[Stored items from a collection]

□ □ □ □

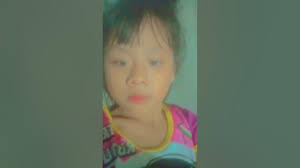 mọi người có thấy cute không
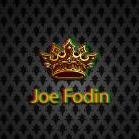 Joe_Fodin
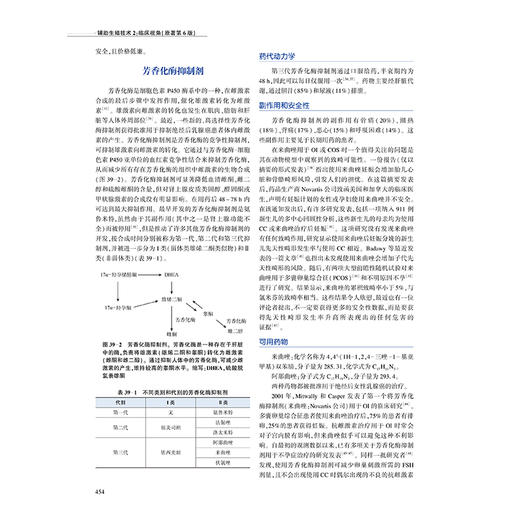 《辅助生殖技术2：临床视角》（原著第6版） 商品图3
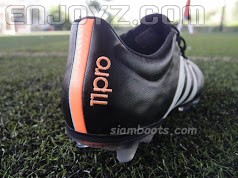 New-Black-Adidas-Adipure-11pro-Boot-14-15 (5).jpg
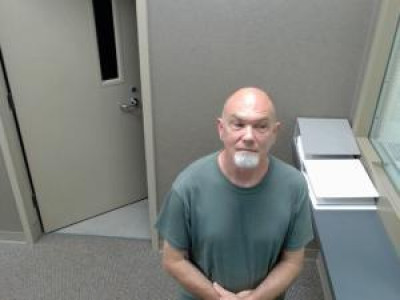 Charles Kent Schmidt a registered Sex Offender of Alabama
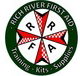 Rich River First Aid - Melbourne Private Schools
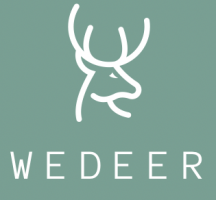                                     Wedeer
                            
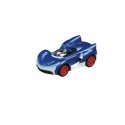 Carrera 15813023 Mēroga modelis Sporta mašīnas modelis Iepriekš samontēts 1:43 Carrera 15813023 Mēroga modelis Sporta mašīnas modelis Iepriekš samontēts 1:43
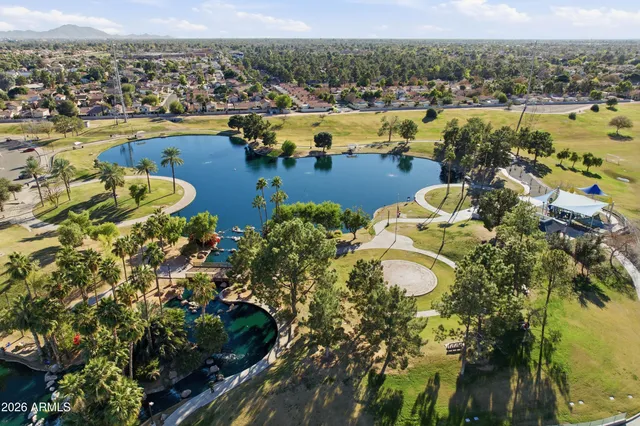 $459,000 | 832 East Stottler Drive, Gilbert, AZ 85296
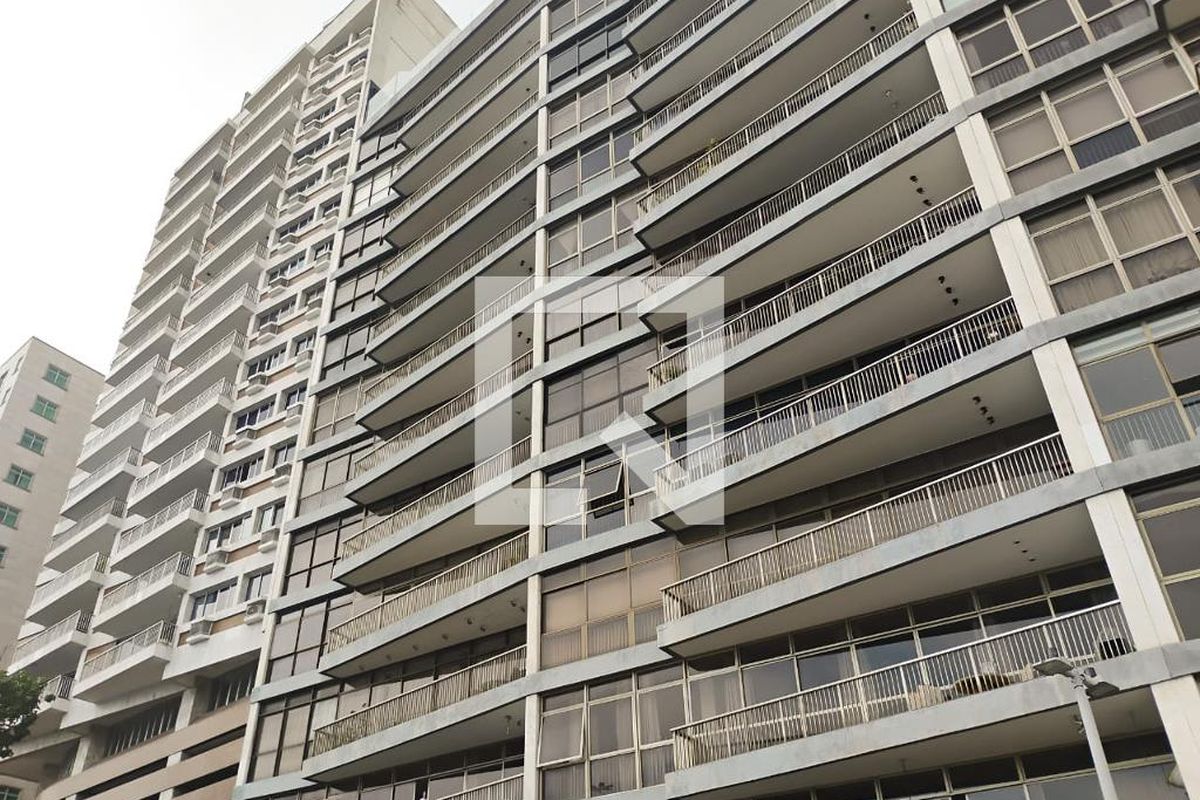 Apartamento, 4 quartos, 340 m² - Foto 158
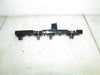 2017-2019 Nissan Qashqai Bumper Retainer Front Driver Side Outer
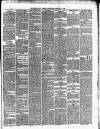 Cork Daily Herald Saturday 02 January 1869 Page 2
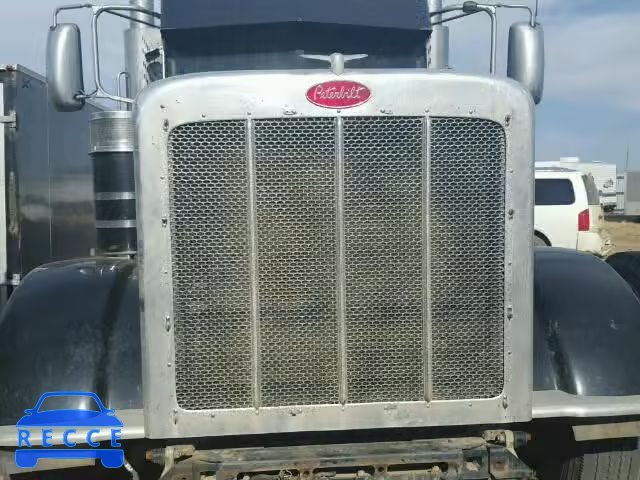 2013 PETERBILT 388 1NPWD49X5DD212258 зображення 6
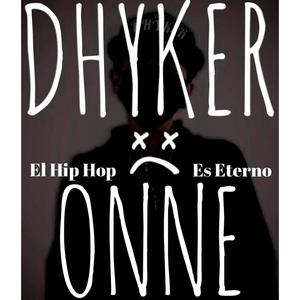 EL HIPHOP ES ETERNO (Explicit)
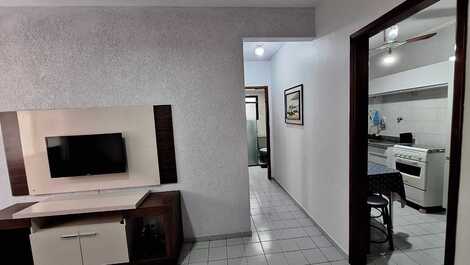 Encajar en el FUERTE! Con GARAJE! 11-950202615 Dayse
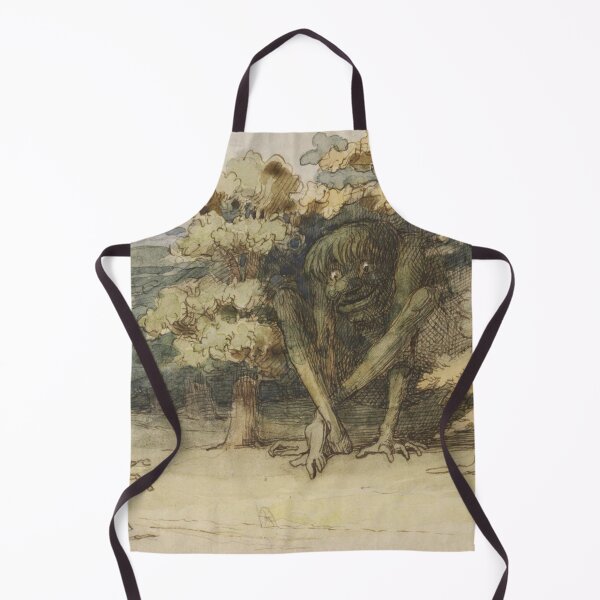 Item preview, The ent designed and sold by Vintage Designs +.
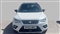 Seat Arona Image 4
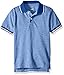 The Children's Place Boys' Novelty Polo Shirt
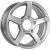 RST R136 6x16 5*139.7 ET40 DIA98 SL Литой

□ □ □ □

■ Exercise aim: Copy out exactly the lines between the line that contains "2013 PETERBILT 388" and the last line of the records, both ends included; leave out every picture.

■ Solution:
 2013 PETERBILT 388 1NPWD49X5DD212258 зображення 6
 EL HIPHOP ES ETERNO (Explicit)
 Encajar en el FUERTE! Con GARAJE! 11-950202615 Dayse
 Item preview, The ent designed and sold by Vintage Designs +.
 Seat Arona Image 4
 The Children's Place Boys' Novelty Polo Shirt
 RST R136 6x16 5*139.7 ET40 DIA98 SL Литой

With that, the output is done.